The user would search for “John Smith” which would be found quickly because it was maintained in a sorted structure.
When the “John Smith” record was found, then the other bits of data related to John Smith, the fields in the John Smith record, his street address, his zip code, his phone number, would also be found and displayed.
But suppose you wanted to find all the people in your address book who lived in a specific zip code or on a specific street? If those fields weren’t also designated as key fields whose contents were maintained in a sorted list you were out of luck. And, even if they were so maintained, you would just get a list of rows of data, each beginning with “94087.”
It would be up to you to manually scan through each row to extract or find the information you wanted.
Since I was interested in building a system in which every piece of data could be linked to every other related piece of data, the standard database structure of records and fields just wasn’t going to work well for me.
The Basic Structure Of The New Database
Instead, I decided that every piece of data that would otherwise be a field in a standard database record would now be individually stored in its own record. Each such record would contain two fields. The first field would be the text data itself (“John Smith” or “94087” or “Sunnyvale”) and the second field would be a long integer — a number between about minus 2.147 billion to plus 2.147 Billion.

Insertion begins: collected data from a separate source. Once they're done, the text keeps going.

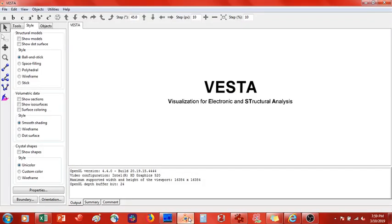Welcome back. We have today the second part of the interface construction video using VESTA. Last time we made an interface with a gold 111 surface and a nitric oxide molecule. Today what we are going to do is take two separate crystals and join them together. This isn't necessarily a relevant example — I haven't found any literature discussing the heterostructure we're going to make today.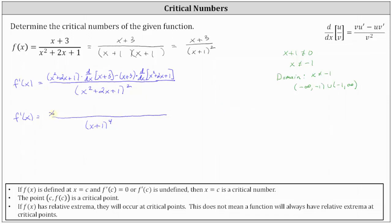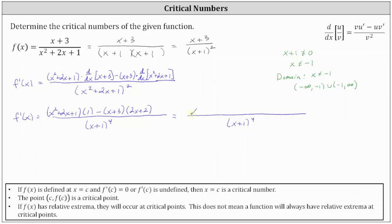In the numerator, we have (x² + 2x + 1) times the derivative of (x + 3), which is 1, minus (x + 3) times the derivative of (x² + 2x + 1), which is (2x + 2). Expanding the product (x + 3)(2x + 2), we get 2x², 2x, 6x, and 6, all subtracted from the numerator.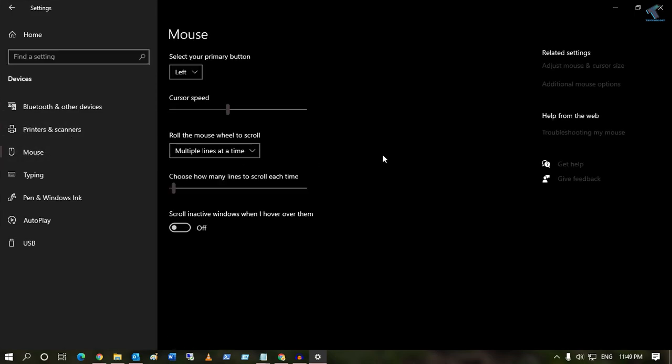From your right side, you will get one option called Additional Mouse Options, so you click over there.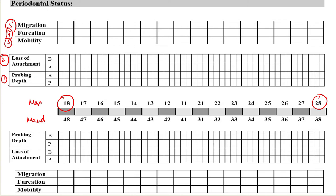In terms of probing depth and clinical attachment loss, we are going to examine each tooth at 6 different sites. We are going to examine the teeth at the buccal mesial aspect, the mid-buccal aspect, and the disto-buccal aspect. Similarly, on the palatal aspect, we are going to examine at the disto-palatal aspect, the mid-palatal, and the mesiopalatal aspect. These are the 6 sides or line angles on which we examine both the probing depth and clinical attachment loss.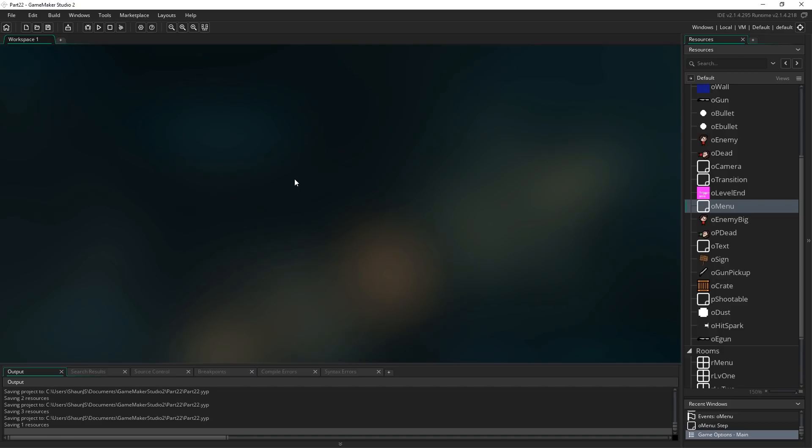Hello everybody and welcome to part 22. In this part we're going to be looking at fixing a problem a few of you have already run into in the comments and messages, a problem that some of you will likely run into when you try and make your game run in full screen mode.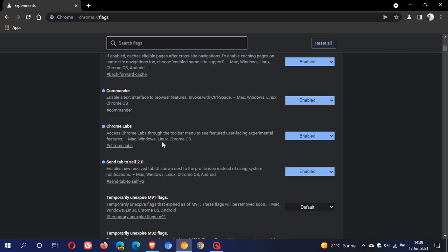And then obviously in Chrome flags, what you do is you just type in Chrome Labs and it will bring the flag up, and then you just enable it and restart your browser to enable the flag.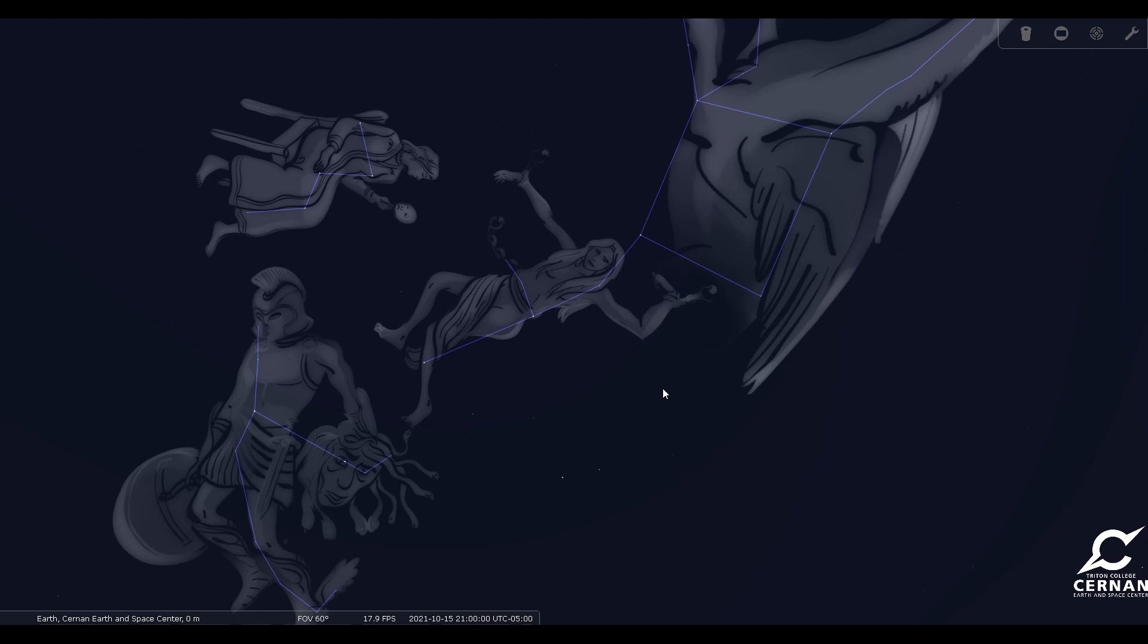And if you don't remember the story that ties all of these characters together, I do recommend you go back and take a look at that video from a few weeks ago where we told the whole story based on Greek myth about all of these characters. And you can see them all in the sky tonight on October the 15th.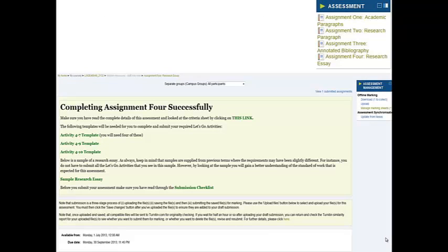It's absolutely essential that you're clear on what you need to submit for this assignment, that you're following the instructions, and that you've checked everything before you hand the assignment in. I've popped up the assessment block that you will see on Moodle, and if you click into the assignment four research essay link, this is the page that you will come up with.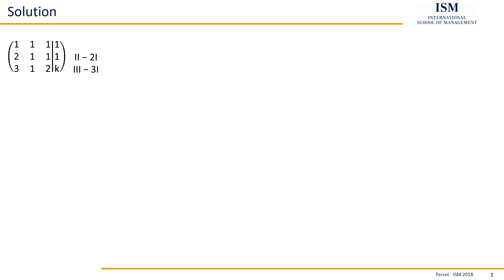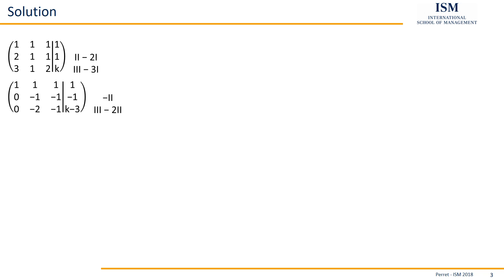So here what we can do first is get rid of the values below the diagonal in the first column. So we calculate here second row minus two times the first and third row minus three times the first. This gets rid of the first two entries. Then we only have to get rid of the minus two in the third row. So what we can do here is third minus two times the second, and also to do one more step we multiply the second row with minus one.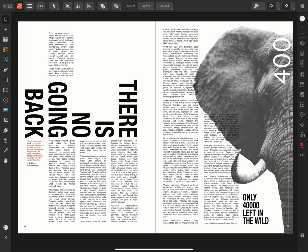Text wrapping, sometimes known as text flow, allows you to wrap text around objects, images, tables, and shapes. In this video, I'm going to show you how to apply, adjust, and ignore these options.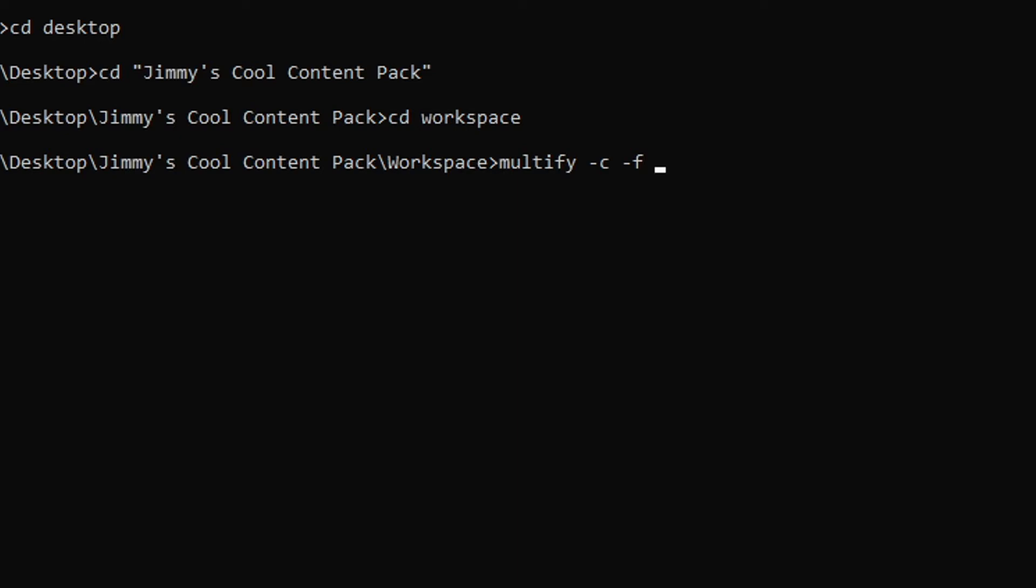So after the multiply command, instead of typing each individual phase file one by one, we can go ahead and type the name of the multi-file we want all these phase folders to be contained into first. What this does is essentially creates a multi-file that all the phase files will be packed into, and negates a lot of the hassle of unpacking. For example, I'm going to be using the multi-file name jimmy.mf, since this is Jimmy's cool content pack after all.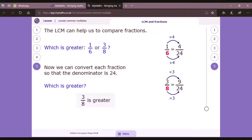This is the best way to understand the role of LCM in fractions — the role of LCM to compare two or more fractions. Whether there are two or more than two fractions, you apply the same process and you will definitely get your answer.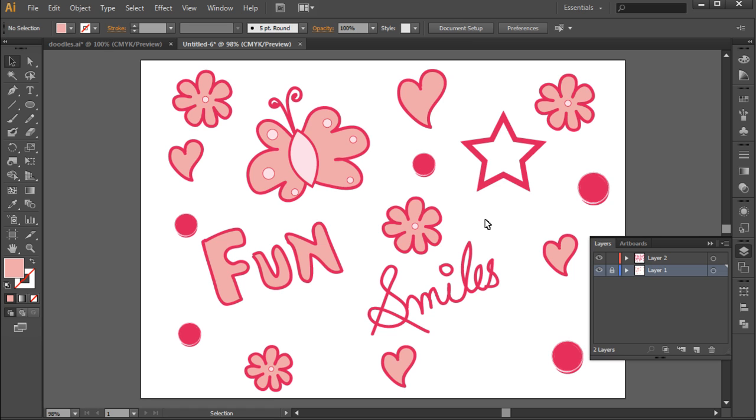All the elements are drawn from scratch in Adobe Illustrator. Thanks for watching. This was a HowTech.TV tutorial.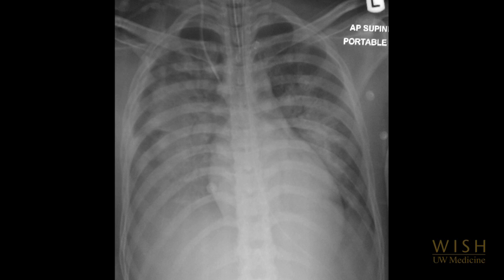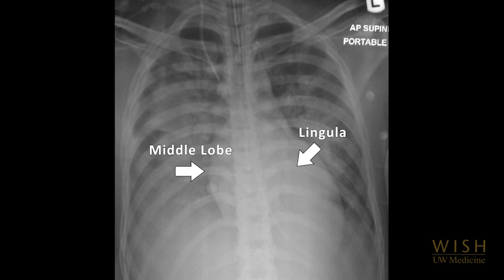If no specific area can be defined, which can be the case with diffuse parenchymal processes such as ARDS, the BAL can be directed at either the middle lobe or the lingula.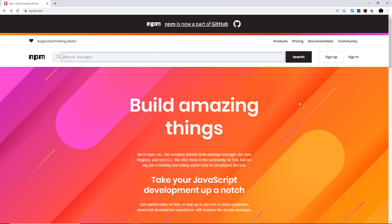Alright then gang, so far we've seen how to use core modules and packages built into the Node core, for example the fs module to work with the file system. But what if we want to use additional packages for extra features in Node that are not available in the Node core? This could be for something like a JavaScript utility library like lodash, or maybe a package to help with validation logic, or even a framework for building Node websites like Express. There are literally thousands of user-made packages we can use with Node, and we can install them using npm, the Node package manager.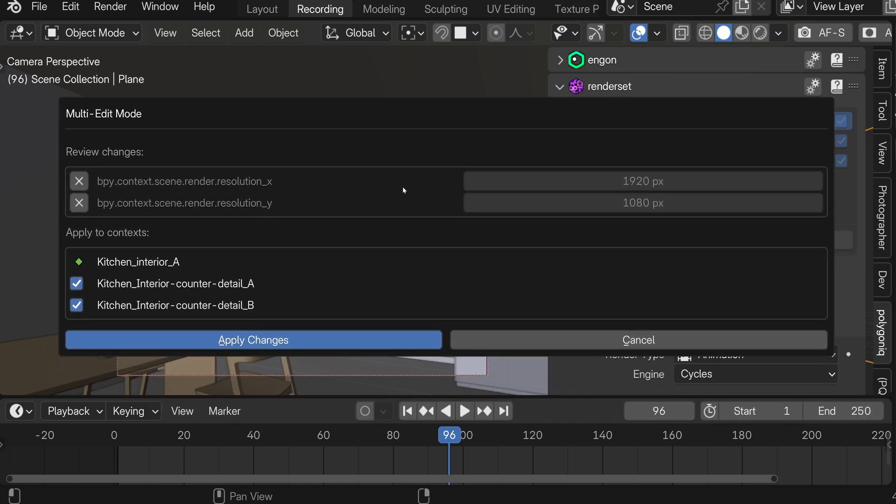RenderSet will give us this final confirmation dialog that lists all the changes. You have a chance here to dismiss any of the changes if it doesn't fit. But in this case this is exactly what I would expect. Resolution X and resolution Y is being changed to 1920 and 1080, and this will apply to all the contexts.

“John Smith” went into its own record and as John Smith’s data was added to the database that data also went into their own individual records that were automatically created at the time of entry.
So, when you entered John’s zip code a separate record was automatically created for that zip code and John Smith was automatically linked to the zip code record and the zip code record was automatically linked to John Smith. Smith was a parent to 94087 and Sunnyvale; 94087 was a parent to John Smith and Sally Jones; and Sunnyvale was a parent of John Smith, Sally Jones and Bill Johnson.
The same thing happened when you entered John Smith’s street address, city, state, email, etc. Each became a child of John Smith and each also became a parent of John Smith.
The second field in the “John Smith” record contained the number of a record in another file, the child-list file, that held the first entry in a list of all the locations of all of John Smith’s children.
That second field in the zip-code entry’s main database record contained the number of a record in the child-list file that held the first number in a list of the numbers of the records that were children of that zip code. One of the numbers in that list of the zip code’s children was the main file record number that held the entry “John Smith.”
When the program opened the John Smith record it would find a number that told it where to look in the child-list file for the links to John Smith’s children.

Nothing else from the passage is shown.